At any rate, here is a detailed look at one black woman’s experience aborad, I don’t claim to speak for everyone, even those who have been to el-Maghreb. Heck, I returned to Morocco a year after the experience described below, partly because I did not want my most recent encounter to be such a sour one. And I almost went again when I was England.


I wouldn’t say there are no hard feelings, but I don’t walk around swearing down every Moroccan I meet, far from it. Now, I actually remember a lot of the little idiosyncracies and have found that the Maghrebiyuun that I meet here in the States are usually exicted to meet someone that knows about their geography, foods and culture broadly speaking.

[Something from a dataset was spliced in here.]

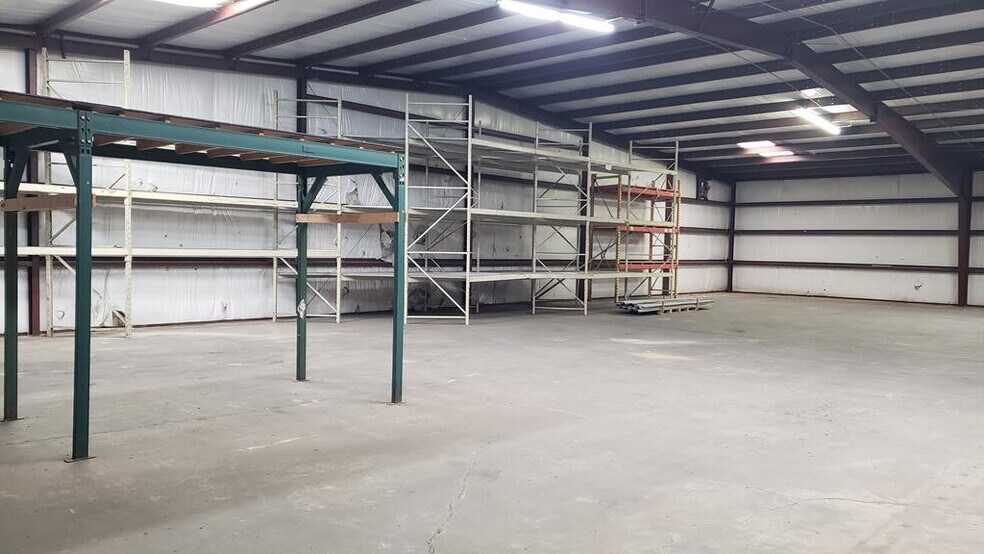 More Photos Of 616 S Broadway St, Mccomb Freestanding For Sale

Funnily enough I work just two blocks away from the Moroccan consulate/embassy and so I am always hearing the Moroccan dialect and smiling to myself as it takes me back to the happy/decent memories of the place. Life as it should be.





Morocco’s geographical location is symbolic of its historical and cultural reality. It’s an African nation, but it’s culturally and politically Arab with Aspirations of strengthening its connections to Europe.

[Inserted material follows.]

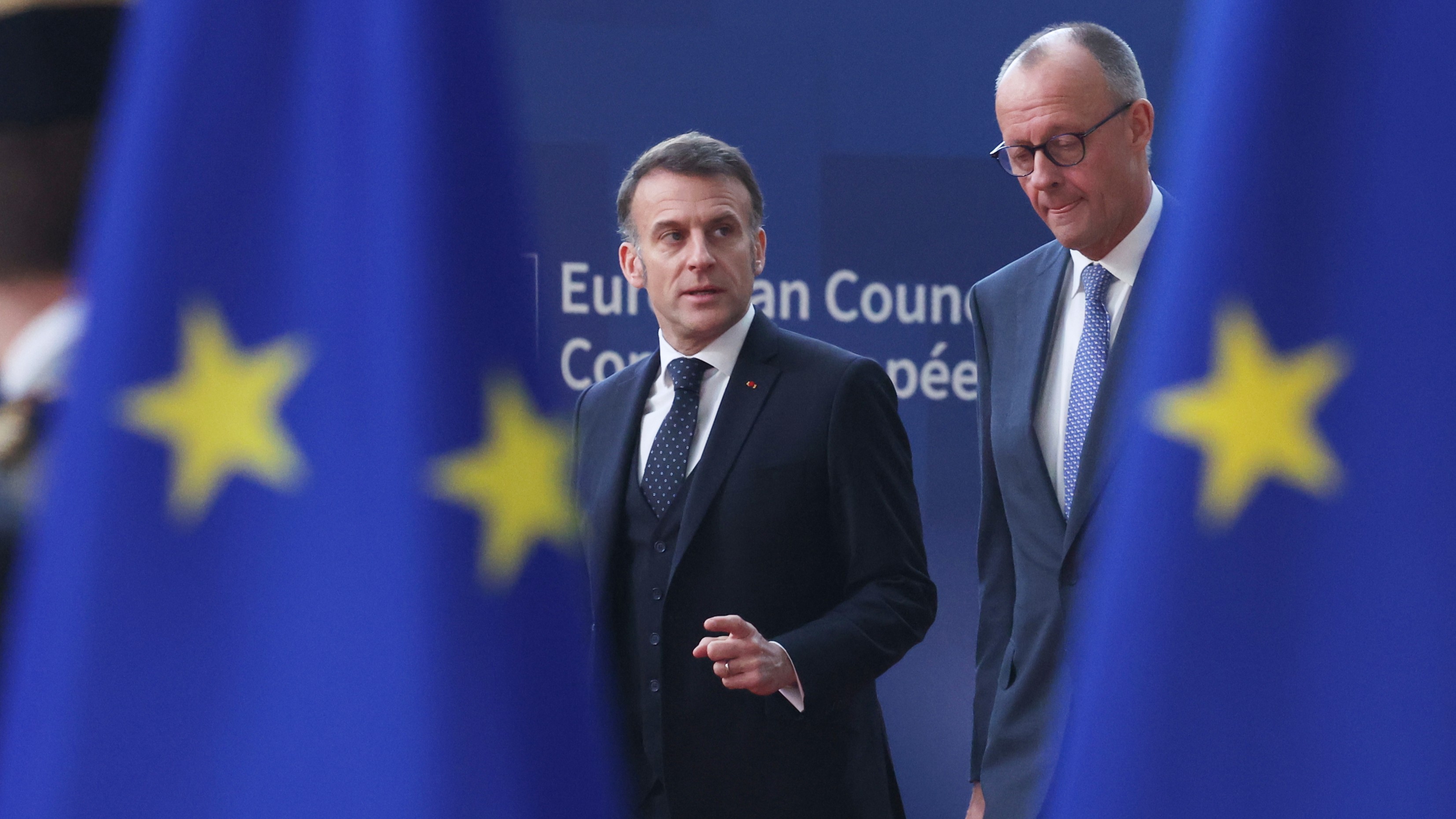 El canciller de Alemania, Friedrich Merz, a la derecha, y el presidente de Francia, Emmanuel Macron, caminan juntos para la cumbre de la UE en Bruselas, el 19 de marzo de 2026.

It’s an Islamic state, a relatively liberal one guaranteeing freedom of practice to individual Muslims and religious freedom to other faiths.


This means that Moroccans at any given time have several identities to chose from:

I noticed however, that the one facet of the culture and society that was not as stressed or acknowledged as others and that was the African identity.


What I mean by this is that most people I came in contact with would acknowledge Morocco’s ties to Africa, as opposed to Morocco being African. We were shown a survey of university students about how they identify themselves and among the list of choices, African was next to last on the list.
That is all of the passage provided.